• The records:
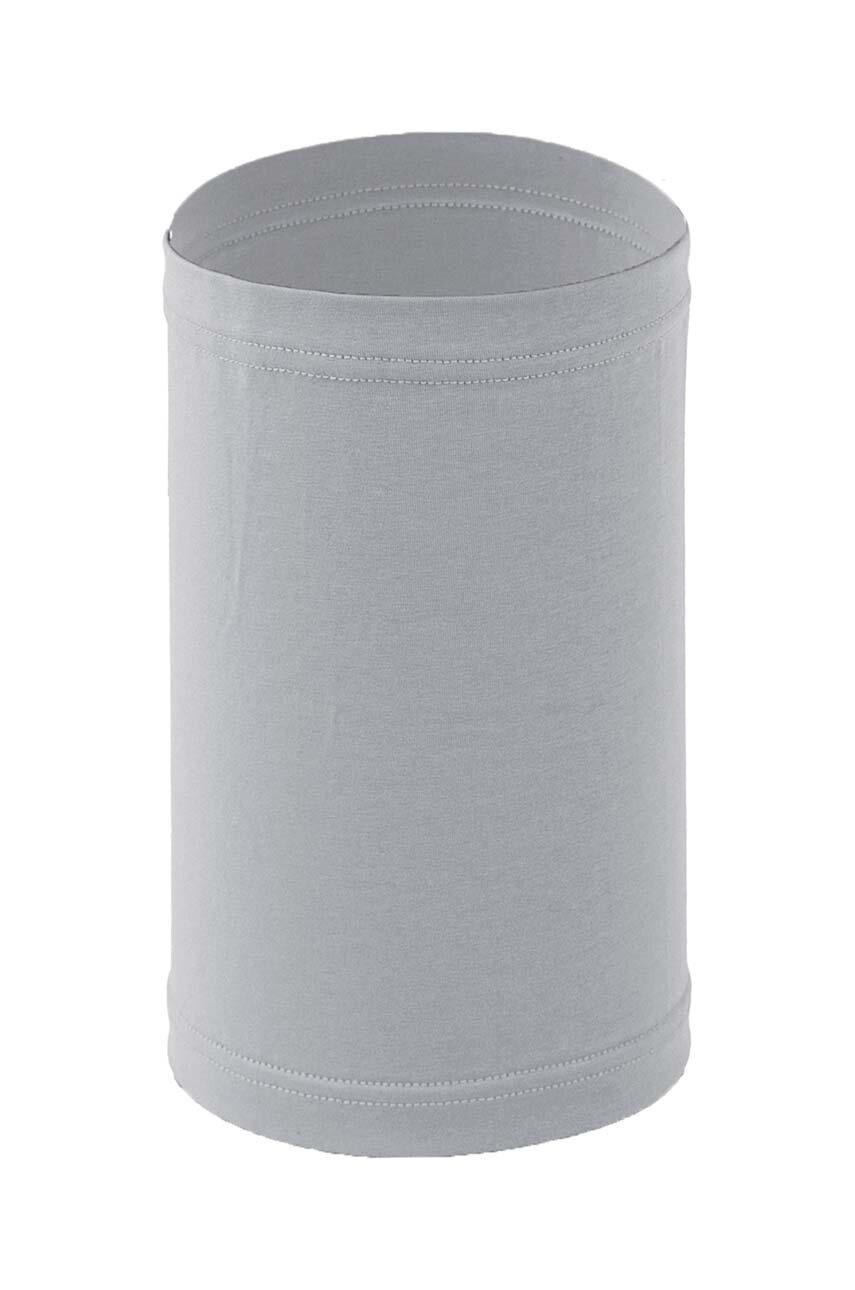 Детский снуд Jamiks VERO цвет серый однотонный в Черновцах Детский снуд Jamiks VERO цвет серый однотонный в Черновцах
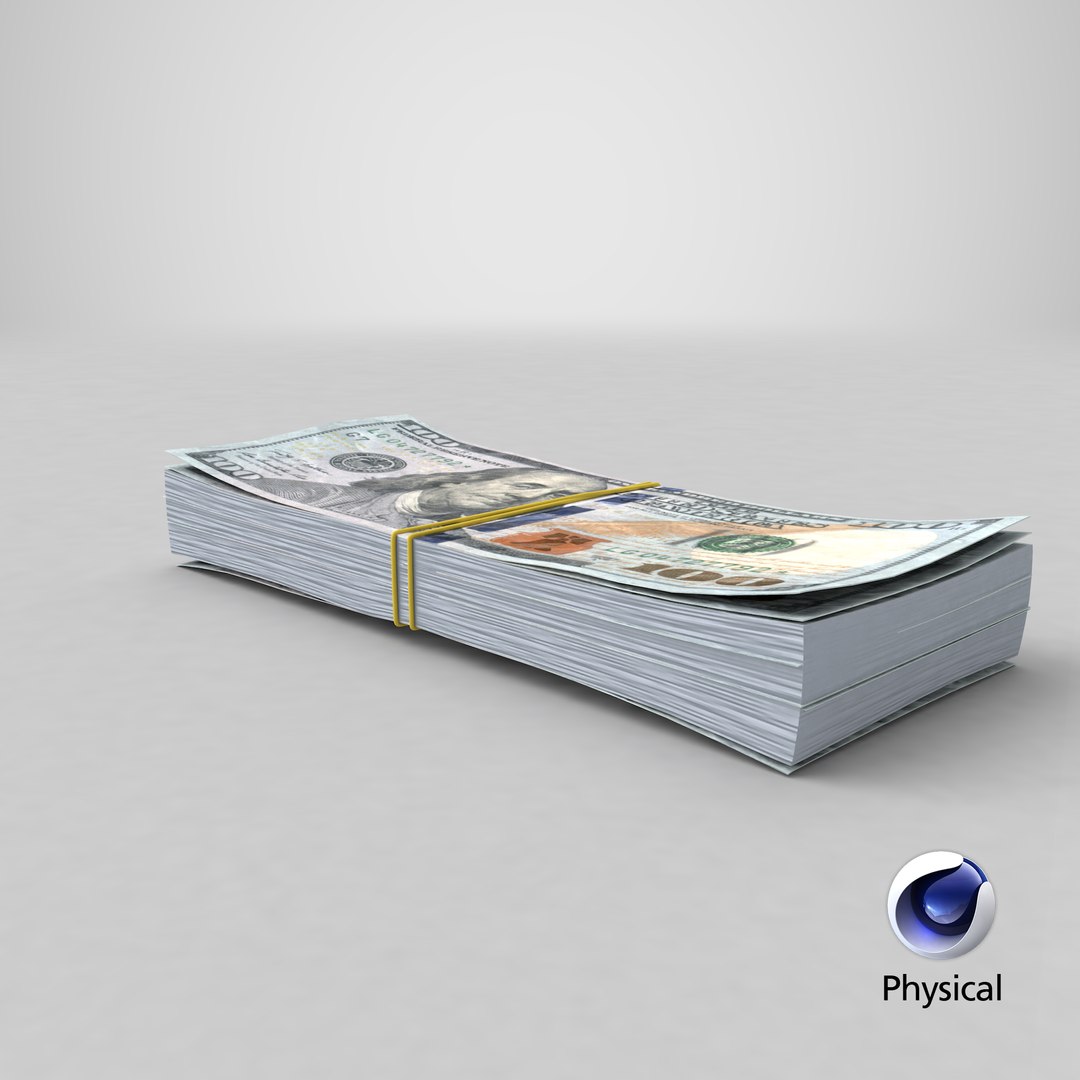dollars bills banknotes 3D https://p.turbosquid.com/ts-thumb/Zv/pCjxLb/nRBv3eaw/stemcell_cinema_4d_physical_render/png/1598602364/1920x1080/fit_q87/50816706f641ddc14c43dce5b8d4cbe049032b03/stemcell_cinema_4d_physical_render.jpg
---
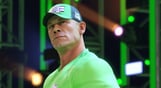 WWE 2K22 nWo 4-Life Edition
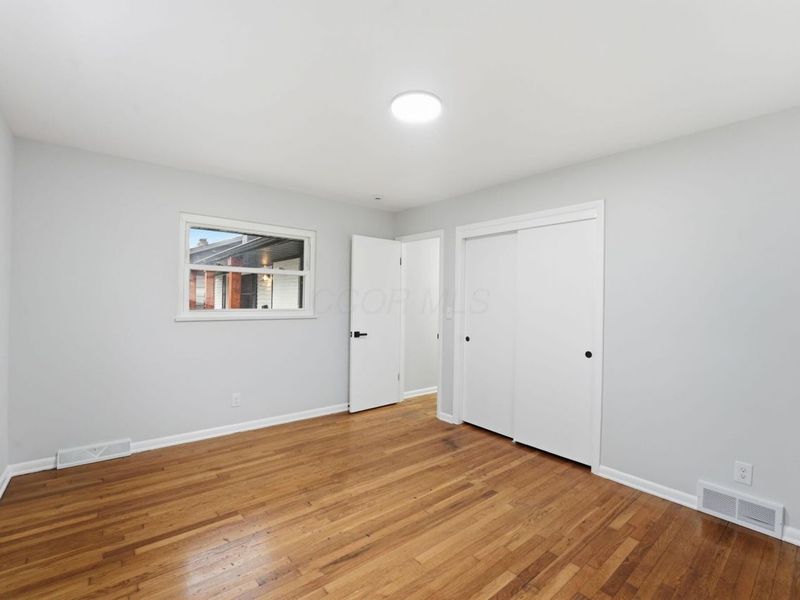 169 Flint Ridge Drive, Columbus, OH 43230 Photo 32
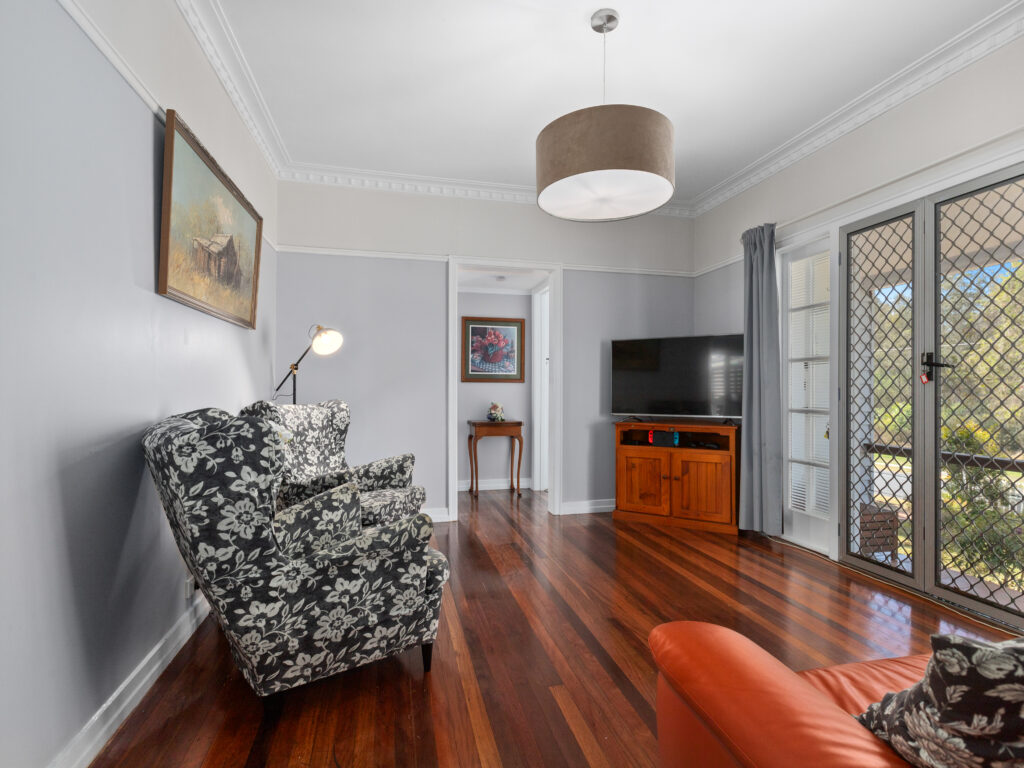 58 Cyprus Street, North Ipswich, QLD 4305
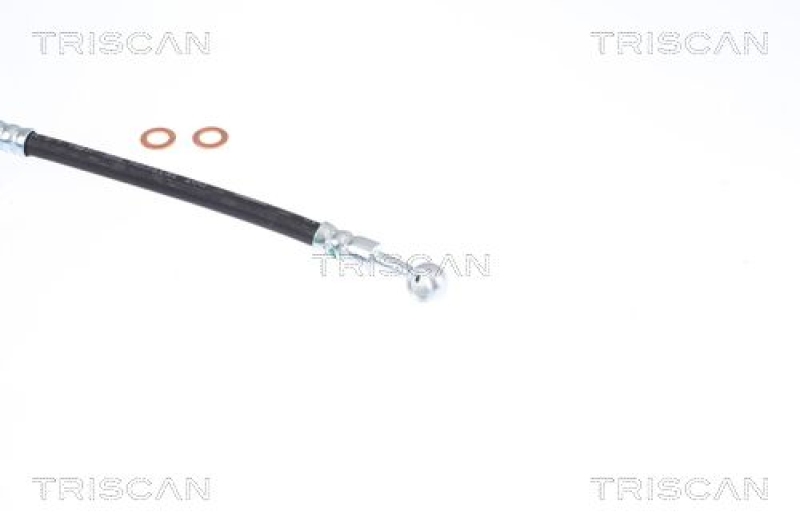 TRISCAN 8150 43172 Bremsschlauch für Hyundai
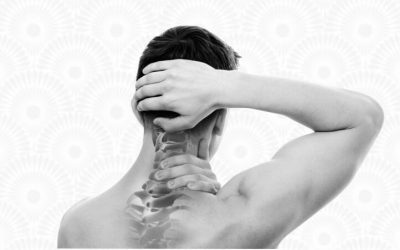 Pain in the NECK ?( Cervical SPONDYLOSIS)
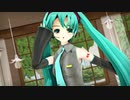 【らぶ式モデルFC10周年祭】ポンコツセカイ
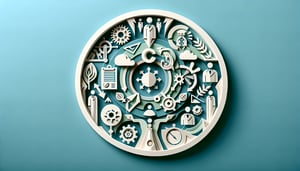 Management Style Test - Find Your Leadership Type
...
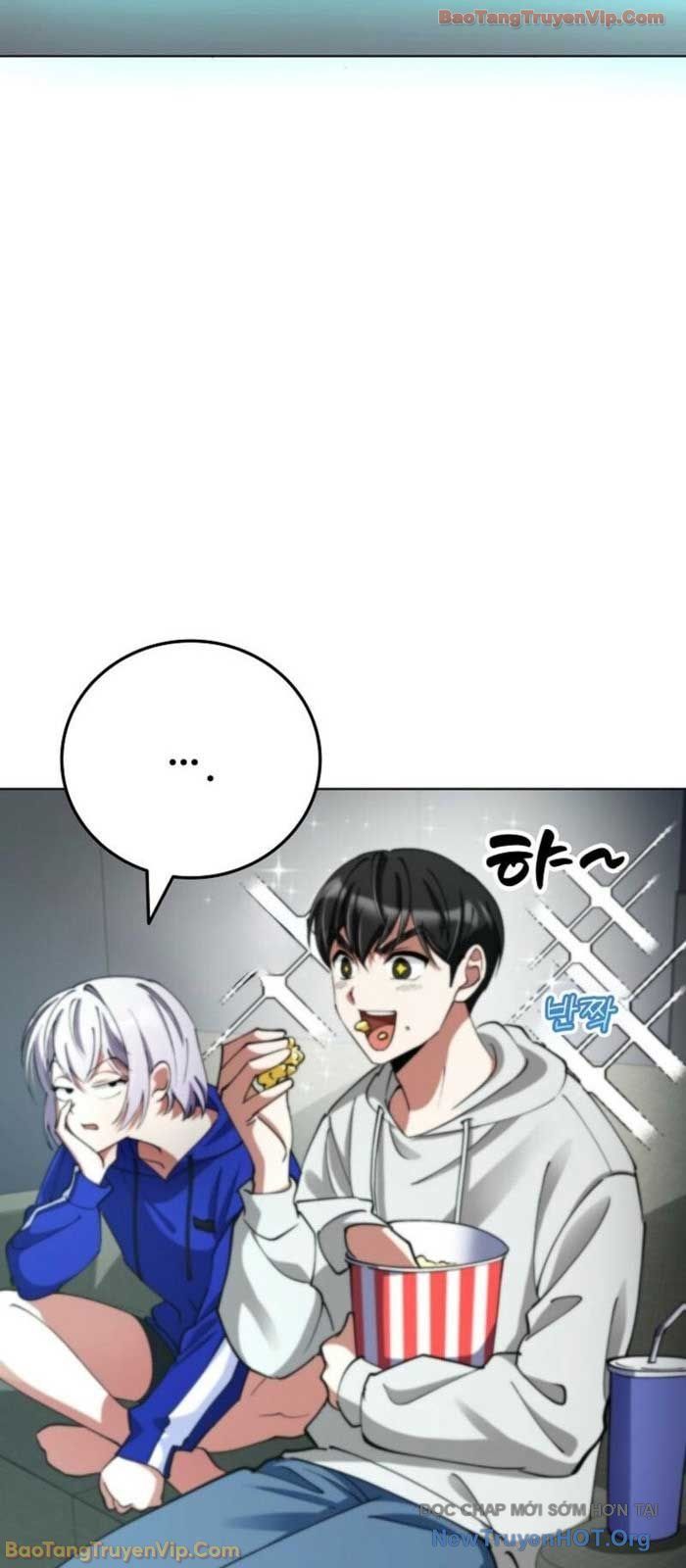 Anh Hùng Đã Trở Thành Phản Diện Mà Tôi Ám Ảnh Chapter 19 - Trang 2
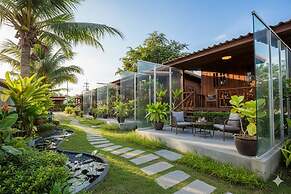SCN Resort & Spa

• Exercise instructions: Exercise for the records above: copy only the lines from the one with "в Черновцах Детский" to the one with "dollars bills banknotes", both ends kept, and drop the pictures.

• Written reply:
 Детский снуд Jamiks VERO цвет серый однотонный в Черновцах Детский снуд Jamiks VERO цвет серый однотонный в Черновцах
dollars bills banknotes 3D https://p.turbosquid.com/ts-thumb/Zv/pCjxLb/nRBv3eaw/stemcell_cinema_4d_physical_render/png/1598602364/1920x1080/fit_q87/50816706f641ddc14c43dce5b8d4cbe049032b03/stemcell_cinema_4d_physical_render.jpg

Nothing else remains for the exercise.